As I am continuing my journey in audio I have got myself into the art of audio post-production, specifically into game and animation audio. In that discipline of audio, the sound designer / editor has to work with numerous sound files. Best practice tells, to treat your audio library as a large database, which makes much easier and quicker to find a specific type of sound.
As I am just starting to build my own sound library, I was wanting to come up with a simple system which can be adapted easily if it needs to be, later in the future. The system is widely used in similar form by established sound designers, which gives some assurance that it is actually useable – I do not necessarily want to reinvent the wheel here. *(not to mention, using wheels in database handling might would be strange)
This is an example of the naming convention I am using:
FILENAME | Foley-Footsteps-Grass-HeavyRun-Syn01 |
Category | Foley-Footsteps-Grass-HeavyRun-Syn01 |
Sub-category | Foley-Footsteps-Grass-HeavyRun-Syn01 |
Descriptor One | Foley-Footsteps-Grass-HeavyRun-Syn01 |
Descriptor Two | Foley-Footsteps-Grass-HeavyRun-Syn01 |
Clip Type/Number | Foley-Footsteps-Grass-HeavyRun-Syn01 |
Main Categories: Describing the main type of the sound, referring to (but not excursively) to the recording (sound design) technique.

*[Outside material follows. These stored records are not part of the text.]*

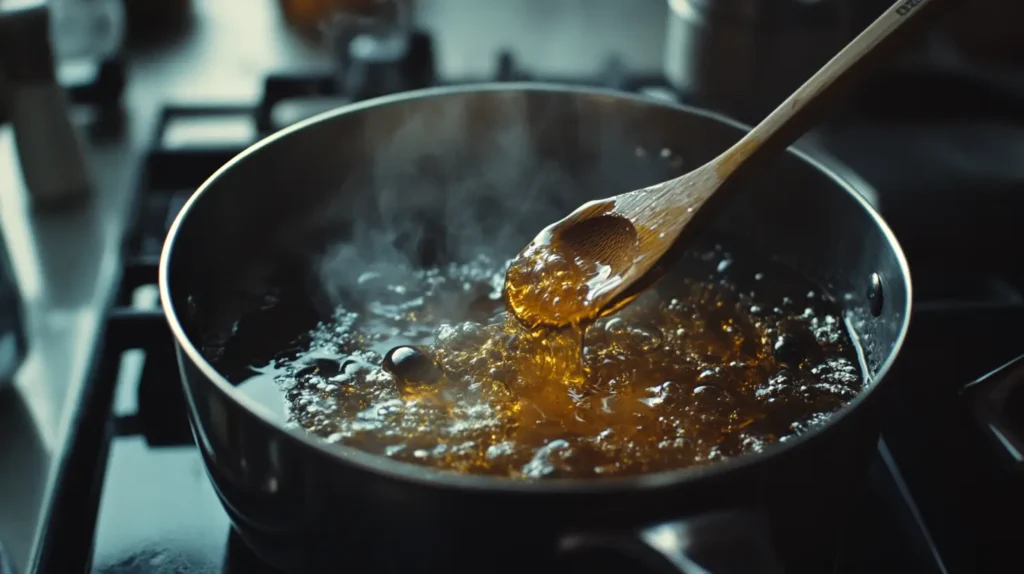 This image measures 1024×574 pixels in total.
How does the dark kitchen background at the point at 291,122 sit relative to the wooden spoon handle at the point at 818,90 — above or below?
below

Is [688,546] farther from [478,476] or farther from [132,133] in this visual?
[132,133]

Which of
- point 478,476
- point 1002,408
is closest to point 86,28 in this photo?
point 478,476

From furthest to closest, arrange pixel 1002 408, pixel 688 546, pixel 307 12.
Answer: pixel 307 12 → pixel 1002 408 → pixel 688 546

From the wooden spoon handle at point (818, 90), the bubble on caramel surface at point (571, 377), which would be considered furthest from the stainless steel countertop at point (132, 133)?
the wooden spoon handle at point (818, 90)

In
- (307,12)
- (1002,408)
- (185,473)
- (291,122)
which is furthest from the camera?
(307,12)

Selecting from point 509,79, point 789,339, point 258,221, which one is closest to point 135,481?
point 258,221

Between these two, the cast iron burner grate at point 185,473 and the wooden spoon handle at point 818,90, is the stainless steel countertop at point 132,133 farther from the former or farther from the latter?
the wooden spoon handle at point 818,90

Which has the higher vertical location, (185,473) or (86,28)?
(86,28)

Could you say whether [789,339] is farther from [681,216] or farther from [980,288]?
[980,288] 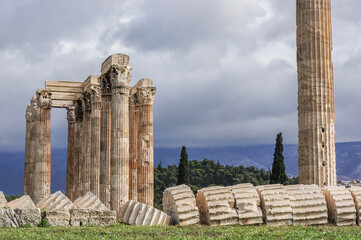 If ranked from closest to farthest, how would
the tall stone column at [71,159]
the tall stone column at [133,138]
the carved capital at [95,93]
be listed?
the carved capital at [95,93], the tall stone column at [133,138], the tall stone column at [71,159]

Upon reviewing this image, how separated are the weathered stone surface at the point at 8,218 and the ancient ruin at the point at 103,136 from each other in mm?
13610

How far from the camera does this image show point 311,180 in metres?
22.8

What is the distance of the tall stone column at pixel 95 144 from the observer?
37.2 metres

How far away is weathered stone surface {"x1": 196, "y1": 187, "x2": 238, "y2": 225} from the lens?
60.5ft

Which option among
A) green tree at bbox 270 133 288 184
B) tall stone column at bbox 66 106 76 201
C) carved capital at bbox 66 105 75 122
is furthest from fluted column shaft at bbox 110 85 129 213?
green tree at bbox 270 133 288 184

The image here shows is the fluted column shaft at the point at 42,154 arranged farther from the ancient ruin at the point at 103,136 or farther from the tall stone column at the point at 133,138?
the tall stone column at the point at 133,138

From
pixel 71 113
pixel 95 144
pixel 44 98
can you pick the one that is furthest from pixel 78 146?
pixel 95 144

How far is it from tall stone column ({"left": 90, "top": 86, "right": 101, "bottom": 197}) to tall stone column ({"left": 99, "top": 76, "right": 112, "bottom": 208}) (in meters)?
1.09

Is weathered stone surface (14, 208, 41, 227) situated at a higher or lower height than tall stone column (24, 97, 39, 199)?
lower

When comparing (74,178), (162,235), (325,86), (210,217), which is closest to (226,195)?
(210,217)

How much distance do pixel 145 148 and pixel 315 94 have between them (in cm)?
1782

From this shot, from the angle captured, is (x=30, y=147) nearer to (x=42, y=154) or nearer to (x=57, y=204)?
(x=42, y=154)

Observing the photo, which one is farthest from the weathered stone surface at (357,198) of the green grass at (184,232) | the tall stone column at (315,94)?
the tall stone column at (315,94)

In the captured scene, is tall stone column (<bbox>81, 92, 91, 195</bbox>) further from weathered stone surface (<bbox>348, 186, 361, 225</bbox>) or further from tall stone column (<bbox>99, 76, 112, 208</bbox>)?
weathered stone surface (<bbox>348, 186, 361, 225</bbox>) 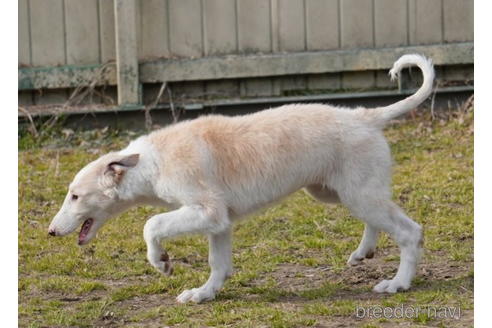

Examples of main category names:
Foley, SFX, music, vocals, ambience
Sub-categories: Groups of sounds which fall under similar generic description referring to the action what the sound is associated with.
Examples of sub-category names:
steps, doors, electrical glitches, rain, thunder, gunshot, typing
Descriptor One: Describing the environment where the sound takes place
Examples of Descriptor One names:
grass, sand, snow, paddles, floor material
Descriptor two: Describing the nature or the intensity of the sound
Examples of Descriptor Two names:
heavy, light, soft, quiet, fast, slow
Clip type & number: Referring to the individual file name & version number.